◆ What the task asks: Would you reproduce exactly, and only, the lines starting at the one with "Assam Govt collaborates" and ending at the last line of the data, with both included? Leave the pictures out.

[Short descriptive text snippets]

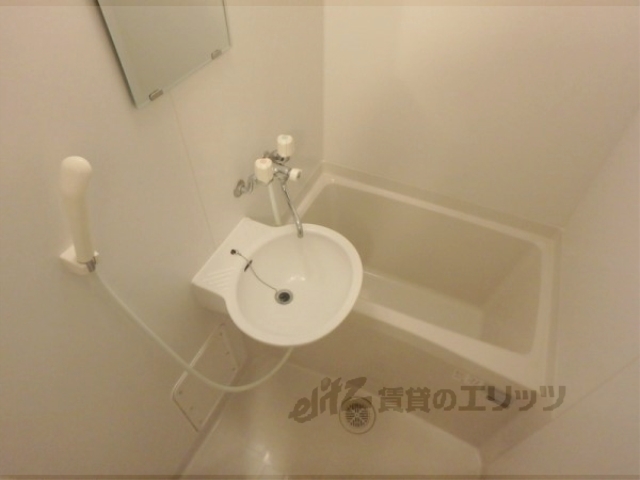 バス・シャワールーム　バス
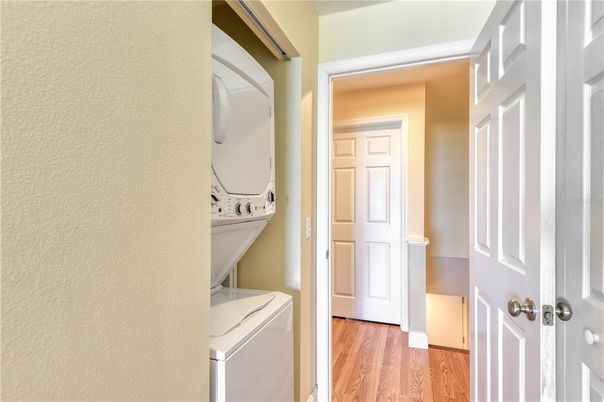 Interior, Utility Closets, Washer, Wood Texture Flooring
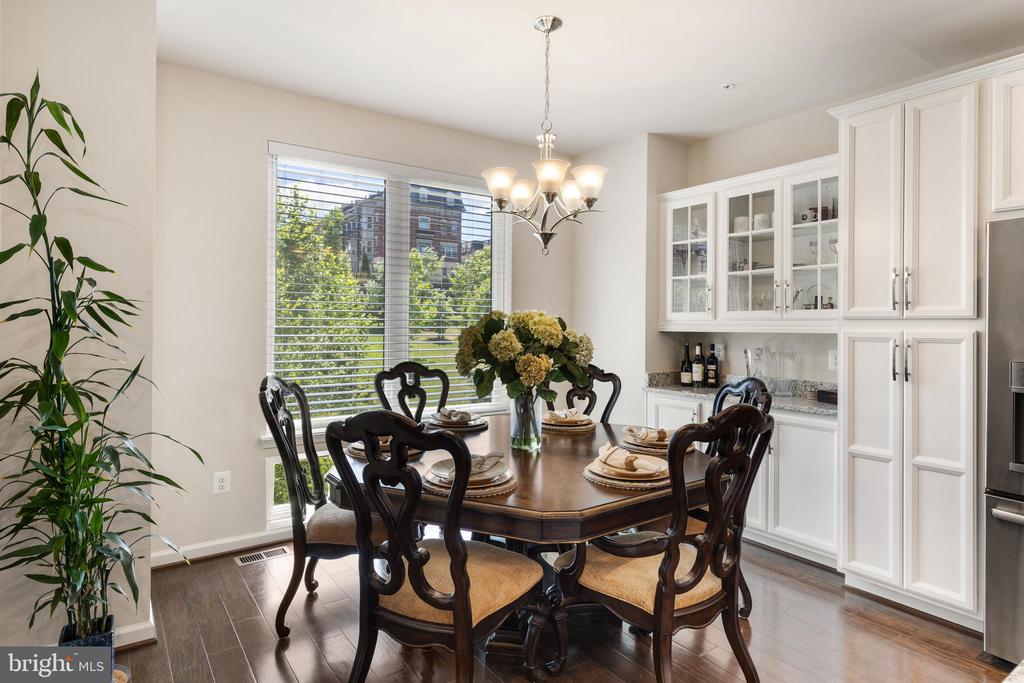 510 HARBORVIEW Unit: 364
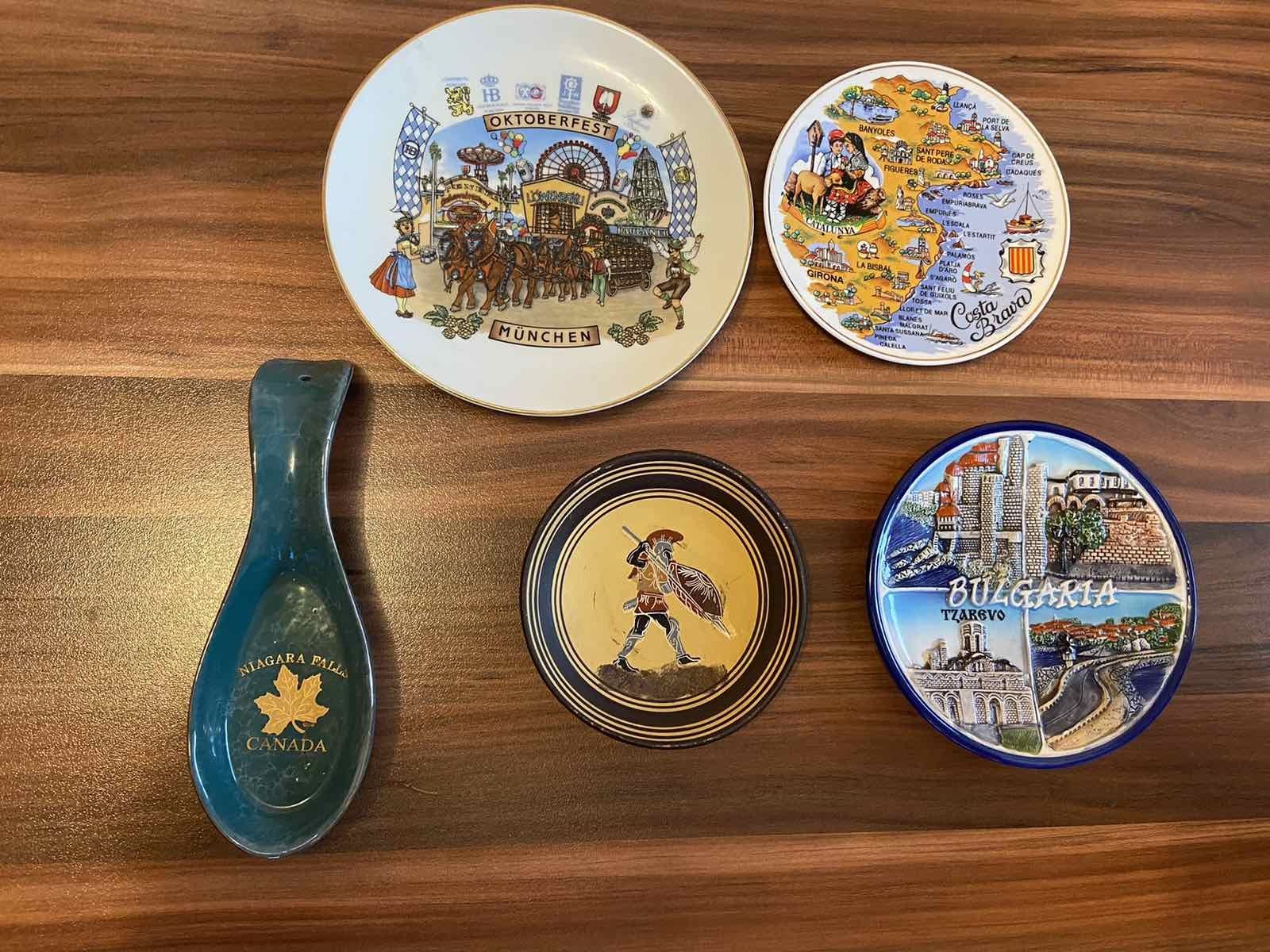 Сувенирни керамични чинии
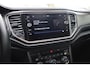 Volkswagen T-Roc 1.0 TSI Style 85KW/115PK, Navigatie, Activ info display, Chrome dakrail, clima, led achterlichten, winterpakket, stoelverwarming, 17" lmv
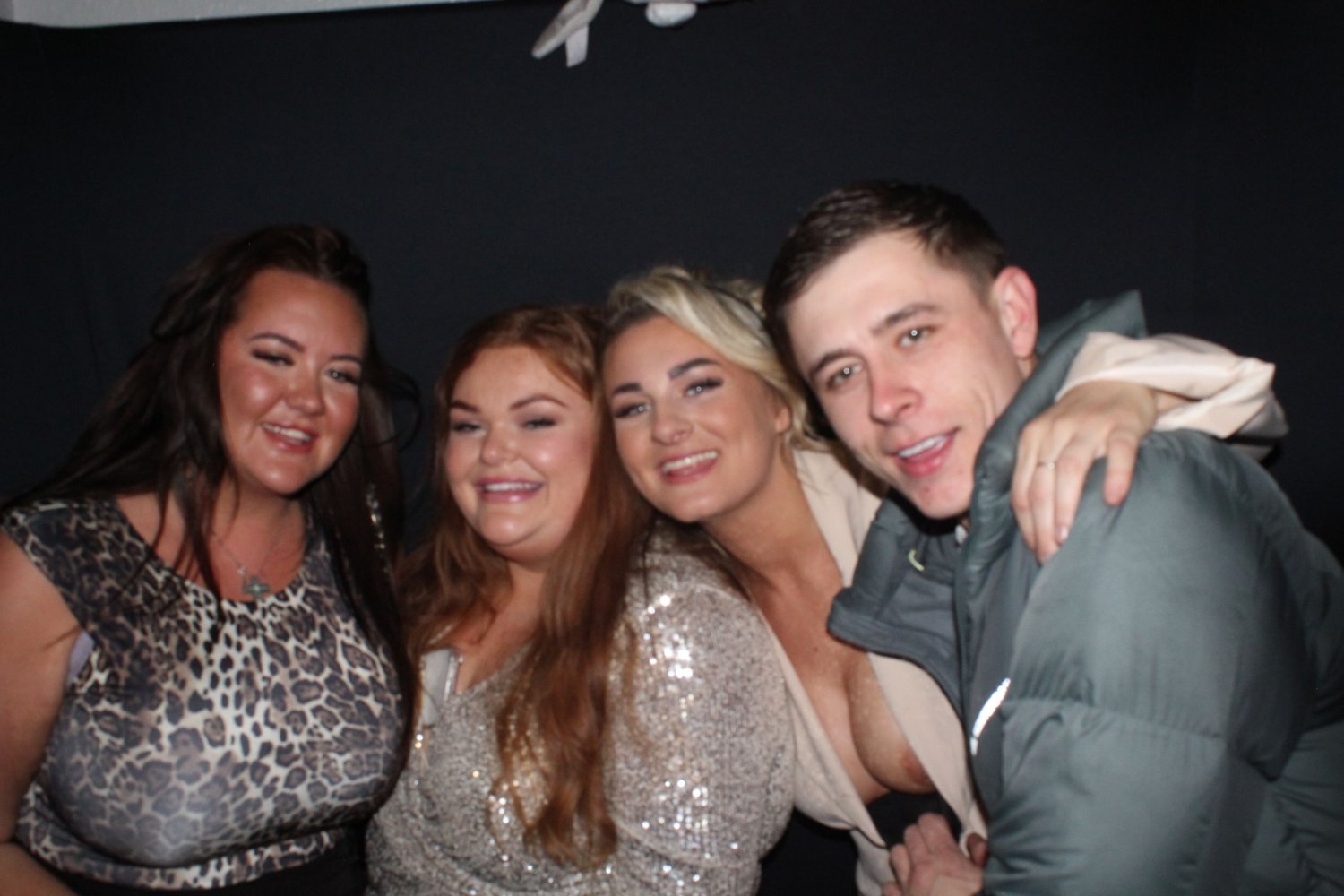 PBアマチュア・ビューティー・ショーイング・オフ・ハー・ノーティー・サイド 1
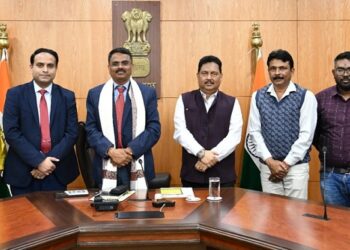 Assam Govt collaborates with CSIR-CRRI to fix potholes using steel slag-based ECOFIX technology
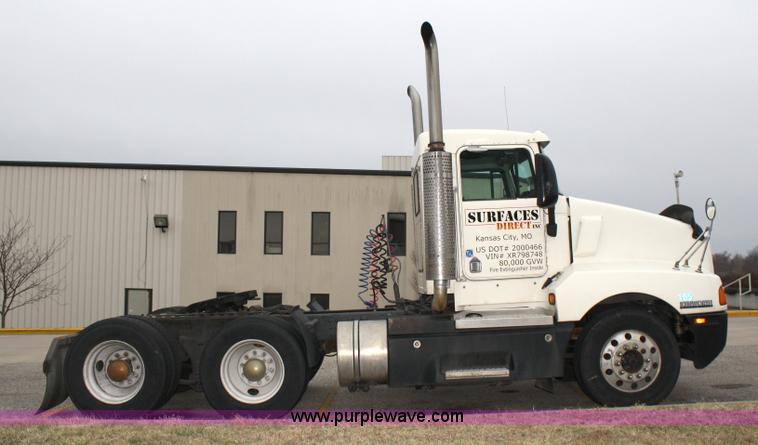 image for item 4981 1999 Kenworth T600B semi truck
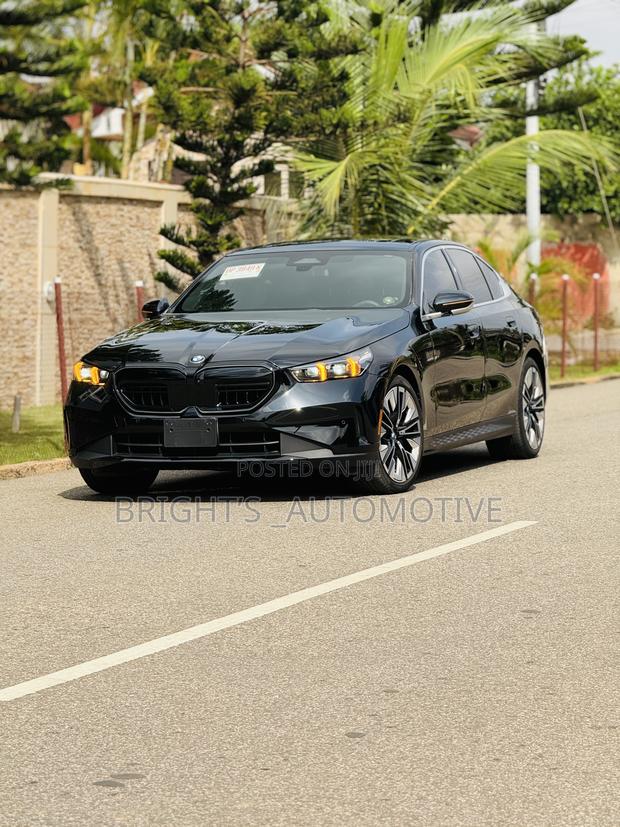 BMW 5 Series 530i xDrive AWD 2024 Black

◆ Written response:
 Assam Govt collaborates with CSIR-CRRI to fix potholes using steel slag-based ECOFIX technology
 image for item 4981 1999 Kenworth T600B semi truck
 BMW 5 Series 530i xDrive AWD 2024 Black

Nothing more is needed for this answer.